#### Your assignment
Set out word for word the line that contains "Zekeringkast. Plongkast. Electric" and each line after it, through the end of the data below, but exclude the pictures.

#### Input data
-- Opening Marker --

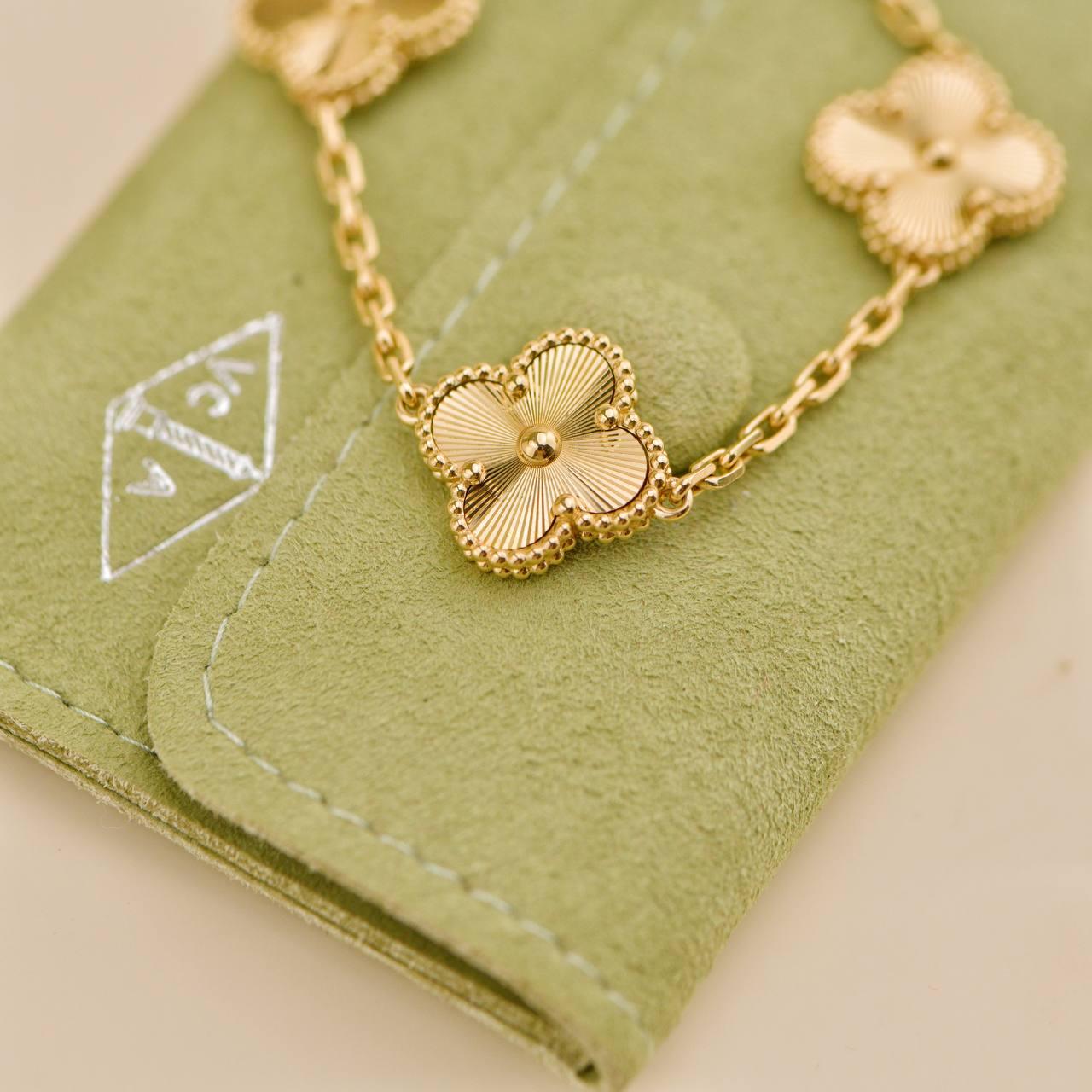 Van Cleef & Arpels Vintage Alhambra Guilloché 5 Motifs 18K Yellow Gold Bracelet For Sale 2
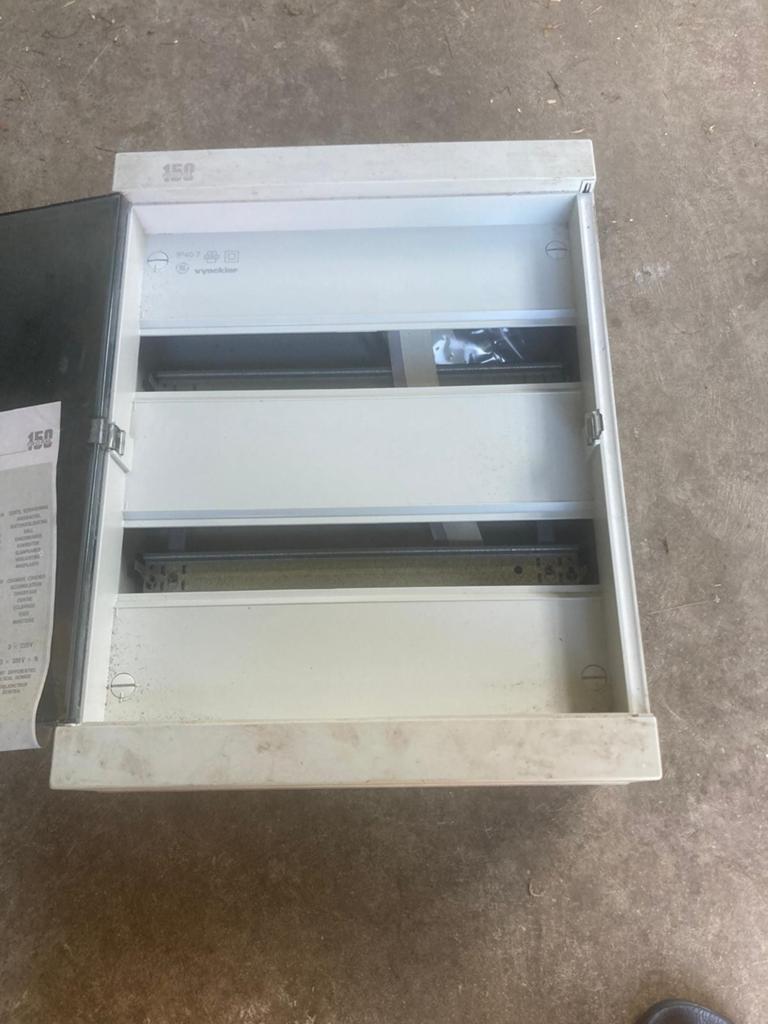 Zekeringkast. Plongkast. Electric kast, Ophalen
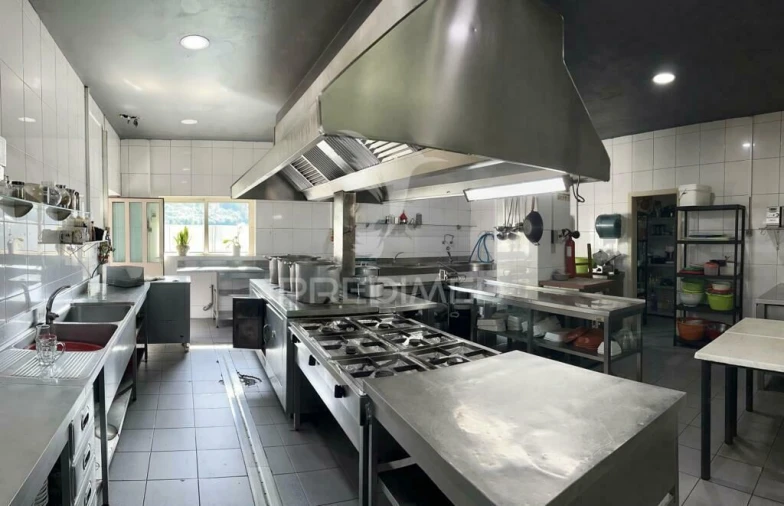 Moradia T5 para Venda em Sande São Lourenço e Balazar Foto 12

-- Closing Marker --

#### Response to this exercise
 Zekeringkast. Plongkast. Electric kast, Ophalen
 Moradia T5 para Venda em Sande São Lourenço e Balazar Foto 12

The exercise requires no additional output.